- Nvidia’s impending earnings release is a focal point of this quarter, reflecting the growing significance of AI-related investments in the market.
- With record-breaking trading volumes and heightened investor interest, Nvidia’s performance will test the resilience of the current bull market dominated by AI.
- Anticipation surrounds Wall Street’s forecasted revenue surge for Nvidia, underscoring its pivotal role and potential impact on market sentiment.
As one of this earnings season’s major highlights, Nvidia is set to release its performance on Wednesday. For the chip giant, which dominates the market and has seen record-breaking trading volumes, fervent investors have poured significant funds into derivatives, testing the validity of the ongoing bull market dominated by AI. Many institutions have recently issued warnings, suggesting that the market led by tech giants is evolving towards the dot-com bubble of the early 21st century. Since the beginning of this year, investor excitement over the commercial potential of AI has propelled Nvidia’s stock price up nearly 50%, with its market capitalisation soaring by over $500 billion, surpassing Google and Amazon to become the third-largest company by market value in the United States, trailing only Microsoft and Apple. Keith Lerner, Chief Market Strategist at Truist Advisory Services, said, “The technology sector has continued its strong performance from last year, with Nvidia at its core, offering promising developments in AI.”
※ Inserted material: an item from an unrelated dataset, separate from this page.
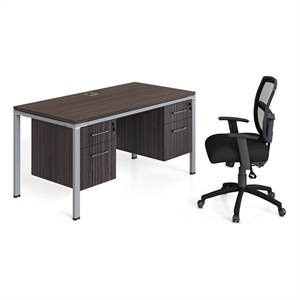 Scranton & Co Wood 60&quotx24&quot Single Desk with (2) Pedestals in Driftwood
Also read: Nvidia’s historic surge with AI-powered chip ignites investor frenzy
The earnings report is crucial for market sentiment
According to the schedule released by the New York Stock Exchange, Nvidia is set to announce its last quarter’s earnings on Wednesday. Wall Street currently anticipates quarterly revenue to increase from $6.05 billion a year ago to $20.378 billion, with earnings per share (EPS) of $4.56, a growth of over 700% from the same period last year. Kevin Landis, Portfolio Manager at Firsthand Capital, noted that given the company’s size and the importance of its AI narrative, the earnings report could be crucial for market sentiment. “In every bull market, there’s always one stock that leads the way. Without a doubt, Nvidia is now dominating the entire market psyche.”
There will be high stock price volatility
Investors are preparing for stock price volatility after the earnings report. According to data from options analysis firm ORATS, the report is expected to trigger fluctuations of up to 11% in Nvidia’s stock price, marking a new high in nearly three years and significantly higher than the stock’s historical average volatility of 6.7%. Tom Hainlin, Senior Investment Strategist at U.S. Bank Wealth Management, believes that the positive outlook provided by Nvidia’s guidance could fuel further optimism in AI and sustain the market rebound. “Currently, investors are focused on the visibility of earnings growth, which is crucial for Nvidia to garner more returns.”